Factors Affecting Reusability

Reusability of digital learning resources can mean reuse with or without modification. It can also mean different things for different types of resources, as is illustrated by some examples:

  • A college professor selects a text book for a class. She may anticipate using all of it, parts of it or just the exercises. She does not anticipate being able to copy portions of the book and publish them in another book because that would violate copyright.
  • A keynote speaker prepares to give the third version of the same talk. He may start with a PowerPoint™ presentation and intend to use almost all of its content, altering some presentation elements (such as the opening slide, the footer and the date) and updating a few slides.
  • A student selects a JPEG from a library of scanned astronomical images. She will most likely paste it into a report as is. Alterations would likely ruin the image.
  • A mathematician writes an applet that allows students to alter some parameters in a differential equation and view the resulting level curves. This applet may be shown in class during a lecture, used as part of a lab, provided as supplementary material, or incorporated into an online quiz. It might also be appropriate for several different courses (not just in mathematics) but may require a particular version of a Java™ virtual machine or a viewer for a particular computer algebra system. The license associated with the applet may restrict certain types of reuse (e.g. commercial).

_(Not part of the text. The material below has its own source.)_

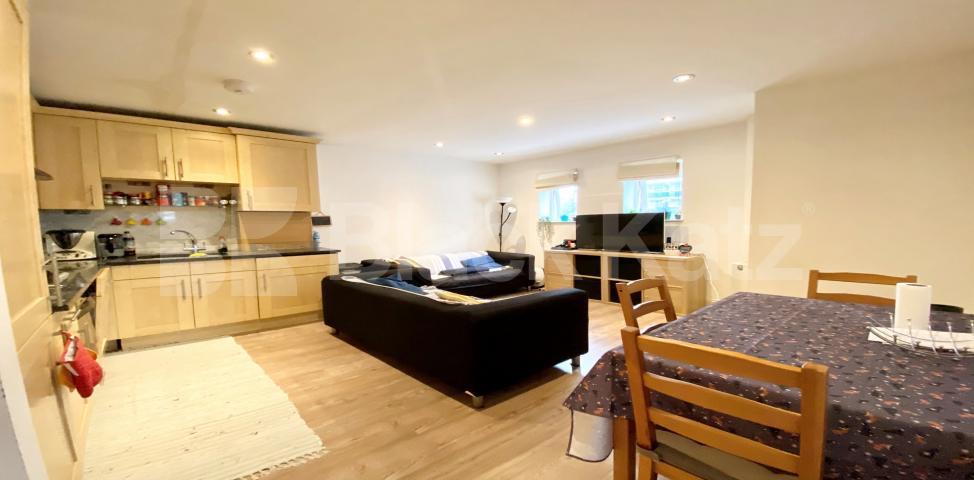 			LET , 3 Bedroom, 1 bath, 1 reception Apartment			 The Aspect, Deverell Street , London Bridge/ Borough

These examples make it clear that there are multiple dimensions to reusability. For the purposes of the framework presented here, five factors are identified:

These represent a distillation and unification of reusability from the perspectives of learning theorists, instructional designers, technology designers, content developers, standards developers, digital librarians and policy makers.

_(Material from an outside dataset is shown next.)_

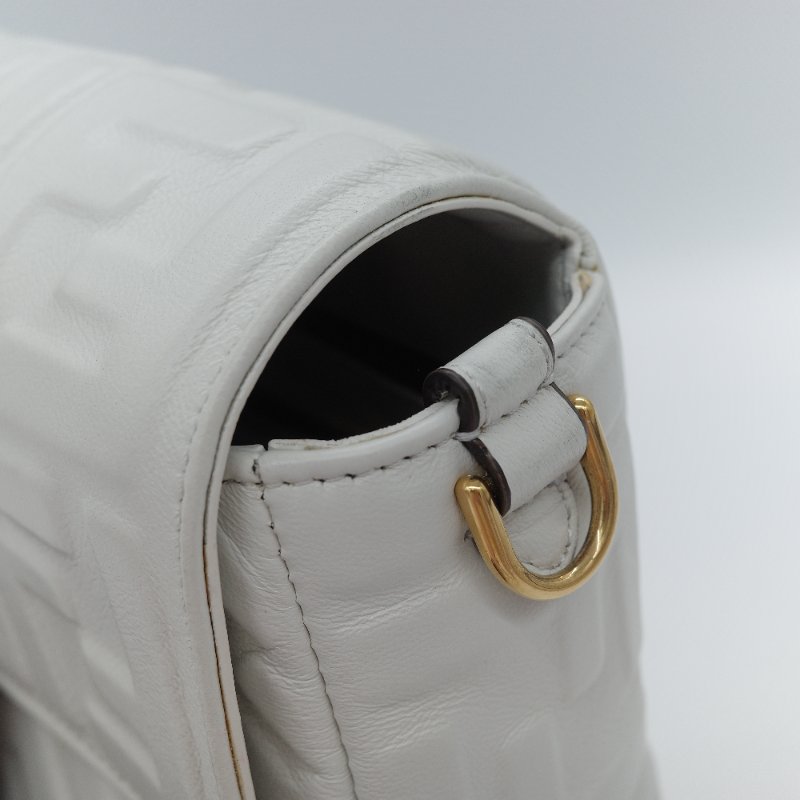 Fendi 芬迪 FF logo Baguette 白色 nappa牛皮 3D 浮雕 肩背包 法棍包-13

Each of these factors plays a different role. The granularity of a digital learning resource determines what is meant by “reuse” and frames any discussion of reusability. The design of a resource, which includes instructional and structural design, determines its suitability for adoption and adaptation as well as its usability from the perspective of different learners. Interoperability affects the degree to which a resource will actually work, rights affect its permitted uses and metadata affects the ability of a resource to be discovered by someone wishing to reuse it.